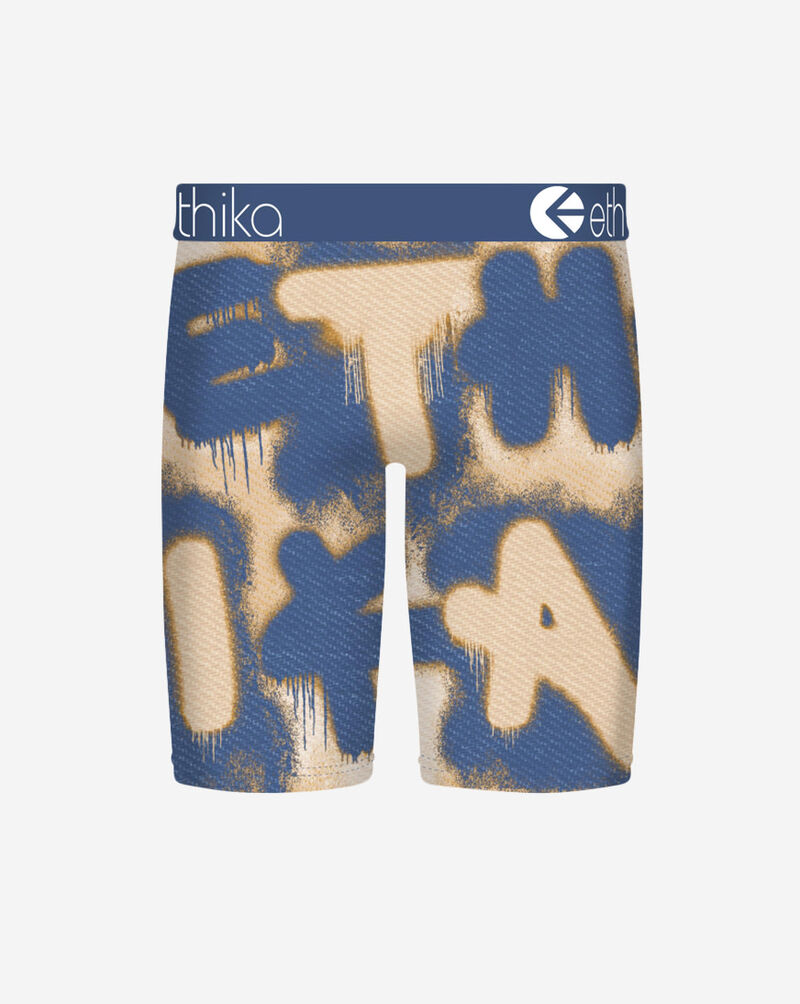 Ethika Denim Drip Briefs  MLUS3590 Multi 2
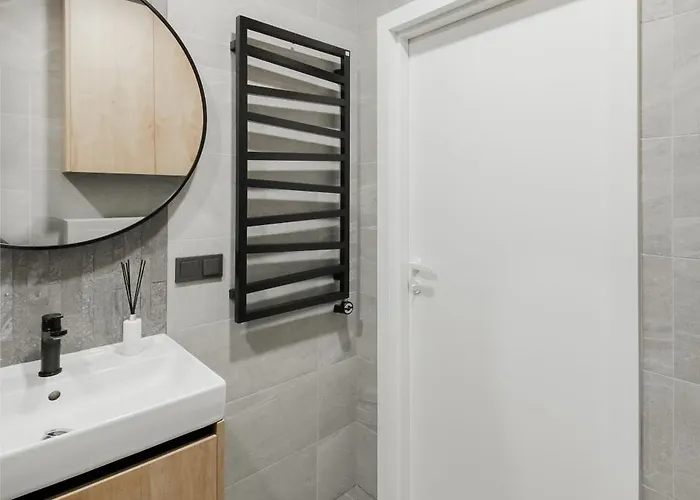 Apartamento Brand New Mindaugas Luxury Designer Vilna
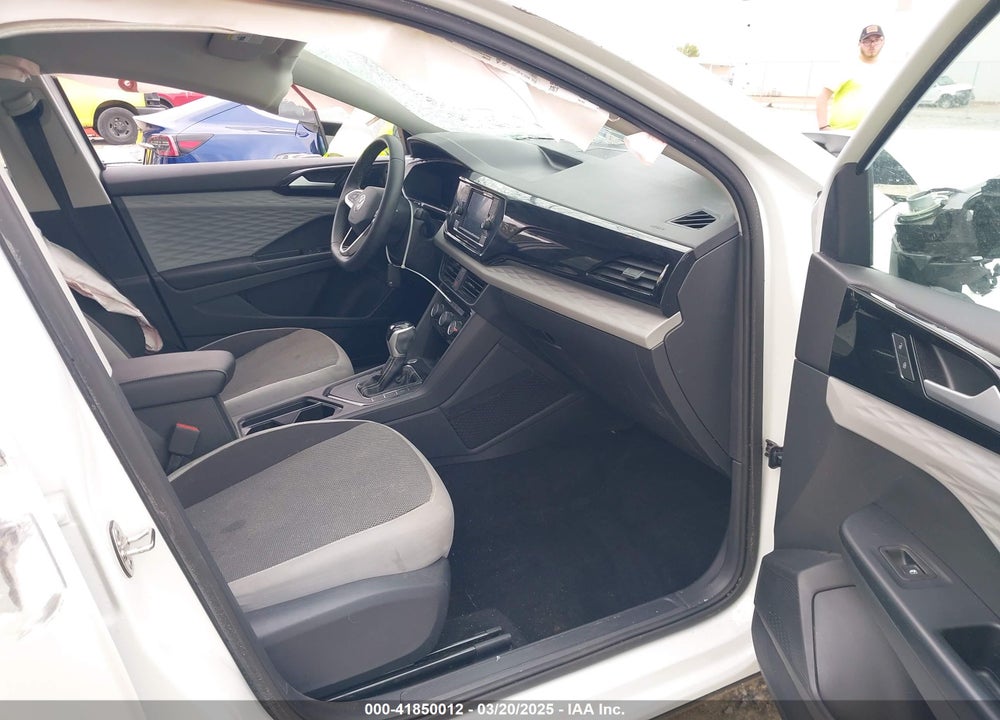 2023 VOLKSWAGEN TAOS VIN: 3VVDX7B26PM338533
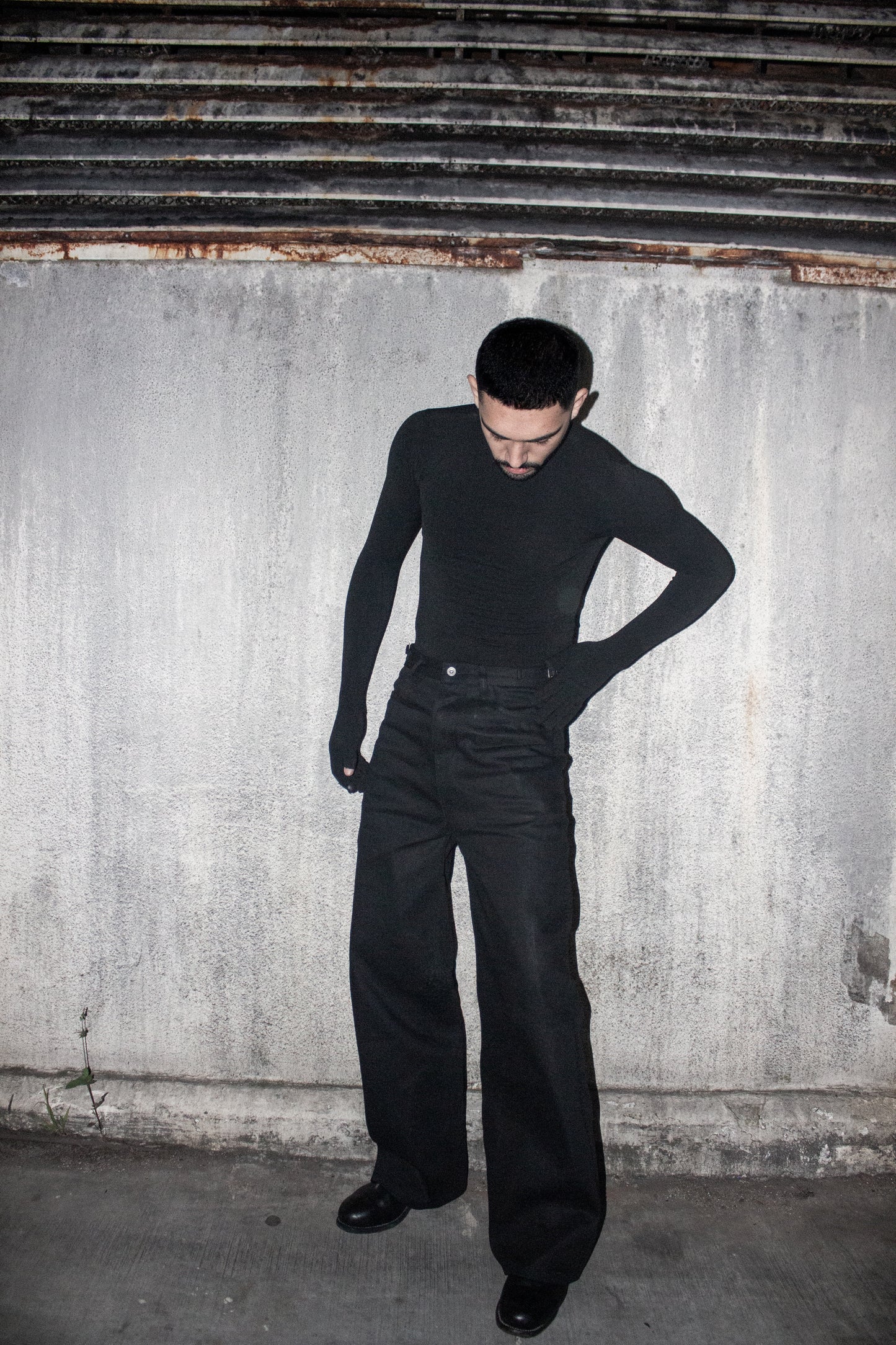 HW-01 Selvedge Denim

--

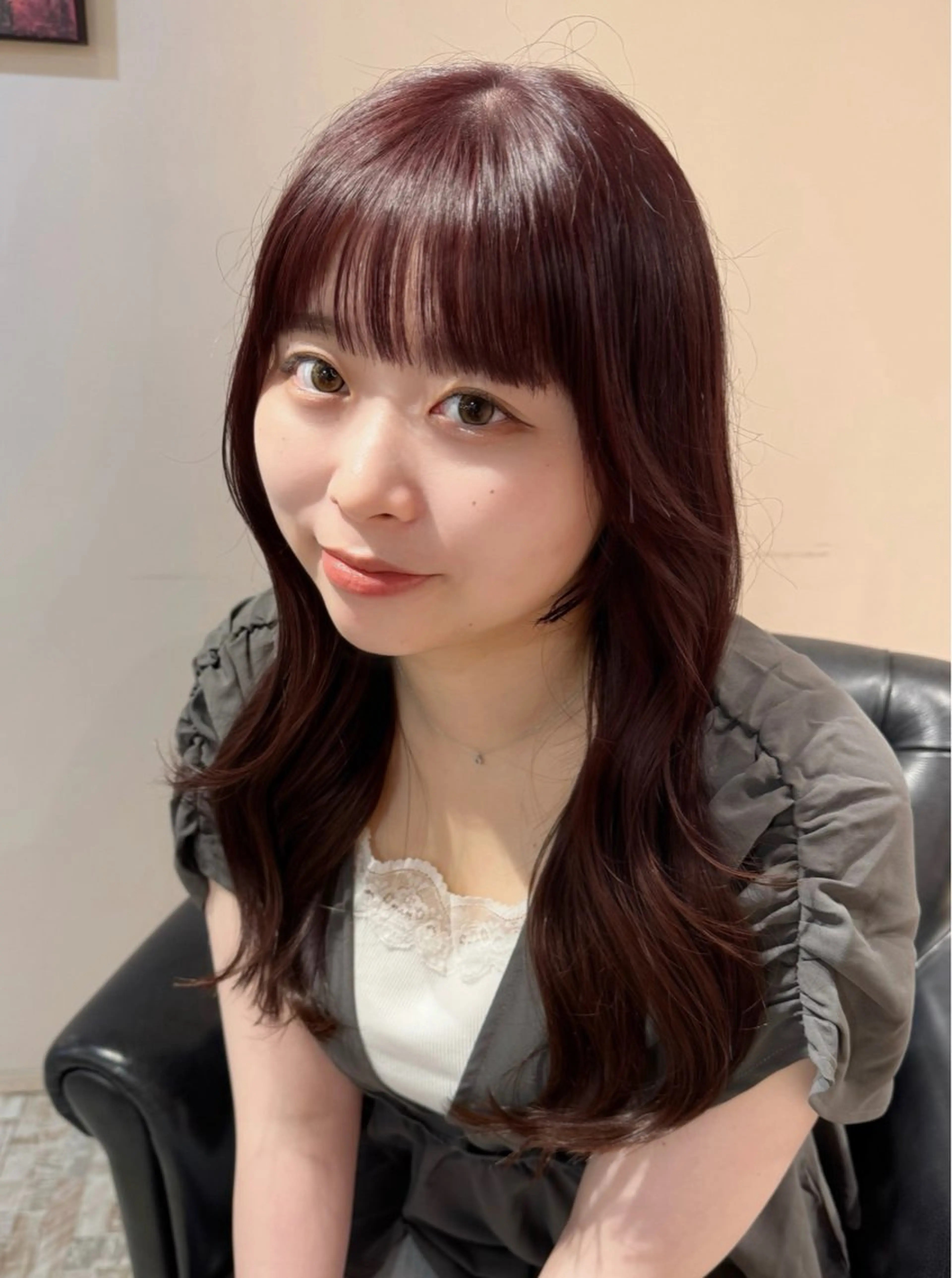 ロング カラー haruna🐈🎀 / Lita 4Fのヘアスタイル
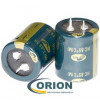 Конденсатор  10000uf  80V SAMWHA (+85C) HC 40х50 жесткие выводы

:: PROBLEM TO WORK ON ::
From the records above, return exactly the lines running from the one that contains "2023 VOLKSWAGEN TAOS VIN: 3VVDX7B26PM338533" down to the one that contains "HW-01 Selvedge Denim", both included, without any pictures.

:: SOLUTION TO THIS PROBLEM ::
 2023 VOLKSWAGEN TAOS VIN: 3VVDX7B26PM338533
 HW-01 Selvedge Denim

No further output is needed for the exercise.